RELATIONSHIP BETWEEN HYPERTENSION AND PRIMARY HYPERPARATHYROIDISM: ENDOCRINE AND CARDIOLOGICAL PERSPECTIVES
DOI:
https://doi.org/10.51891/rease.v10i10.16167Keywords:
Arterial hypertension. Primary hyperparathyroidism. Parathyroid hormone. Cardiovascular complications and endocrinology.Abstract
Introduction: Arterial hypertension (AH) and primary hyperparathyroidism (PHPT) are commonly interrelated endocrine conditions that result in significant cardiovascular overload. AH is a chronic condition characterized by increased blood pressure, while PHPT results from hyperactivity of the parathyroid glands, leading to increased levels of parathyroid hormone (PTH) and, consequently, to a mineral imbalance that affects several organ systems.
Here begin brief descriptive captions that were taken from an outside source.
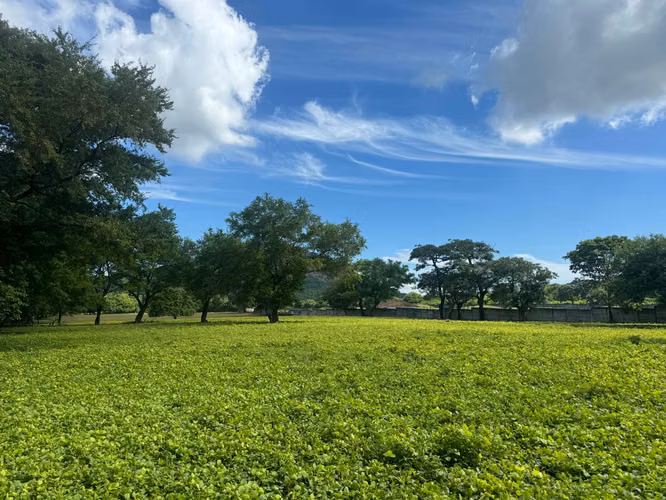 Magnífico Terreno de 5 ½ Manzanas con Vistas al Cerro Motastepe!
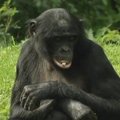 Mažųjų šimpanzių patelė – protingiausia beždžionė pasaulyje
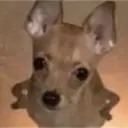 স্টিকার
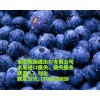 江门水果进口报关公司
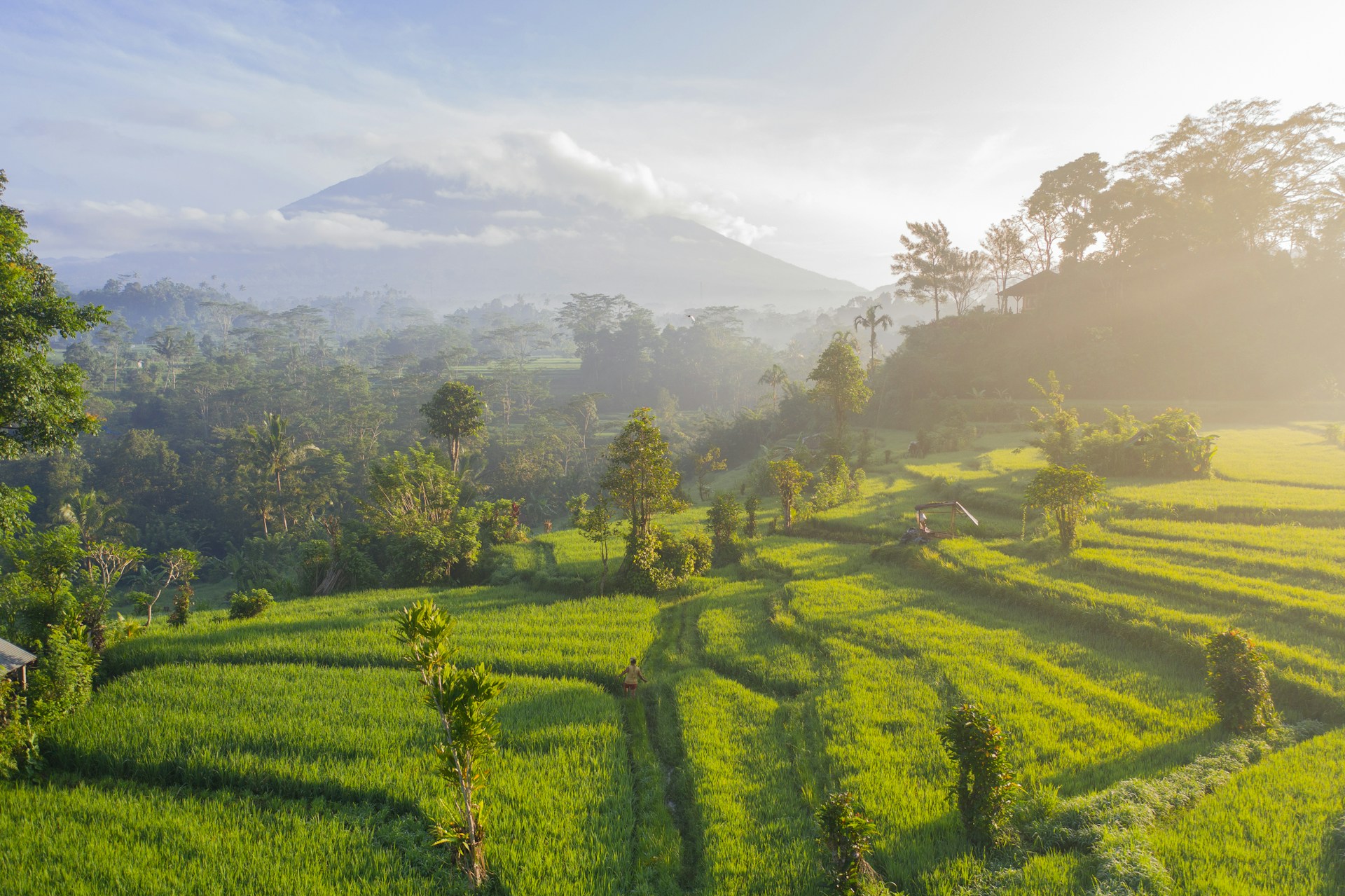 Investasi di Indonesia: Mercusuar Ketahanan di Dunia yang Terpecah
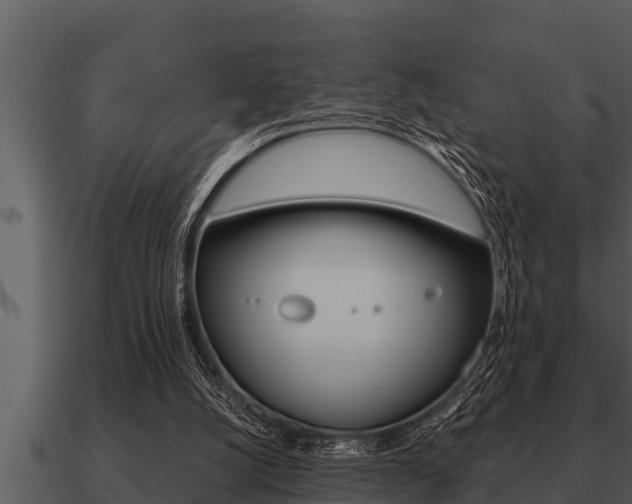 X0000091090056200708061008
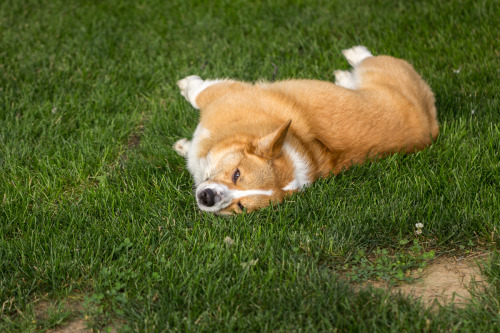 thefrogman:  otisthecorgi:  Otis thoroughly enjoying this patch of lawn.  If you love goofy dogs and you aren’t following Otis’s tumblr, you’re missing out.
Recent studies have highlighted the importance of jointly evaluating these conditions, considering that hyperparathyroidism can influence cardiovascular function, increasing the risk of complications. Objective: To evaluate the interrelationship between arterial hypertension and primary hyperparathyroidism, discussing the endocrine and cardiological perspectives in light of the available literature. Methodology: The research was carried out based on the PRISMA checklist, using the PubMed, Scielo and Web of Science databases. Five descriptors were used: "arterial hypertension", "primary hyperparathyroidism", "parathyroid hormone", "cardiovascular complications" and "endocrinology". Inclusion criteria included articles published in the last 10 years, studies that addressed the relationship between hypertension and PHPT, and peer-reviewed studies. Exclusion criteria were studies not available in English or Portuguese, articles that did not explore the relationship between the two conditions and research that focused on pediatric populations. Results: Data analysis revealed a significant correlation between PHPT and increased incidence of hypertension, with evidence indicating that excess PTH could contribute to endothelial dysfunction and vascular remodeling. Studies have shown that adequate treatment of PHPT could reduce blood pressure levels in affected patients, highlighting the importance of integrated clinical management. Conclusion: The interaction between arterial hypertension and primary hyperparathyroidism demonstrates the need for a multidisciplinary approach in the management of these patients. Understanding this endocrine and cardiological relationship can lead to better treatment strategies, resulting in a reduction in cardiovascular complications and an improvement in patients' quality of life. The reviewed literature emphasized the importance of monitoring these conditions together, promoting more effective and integrated care.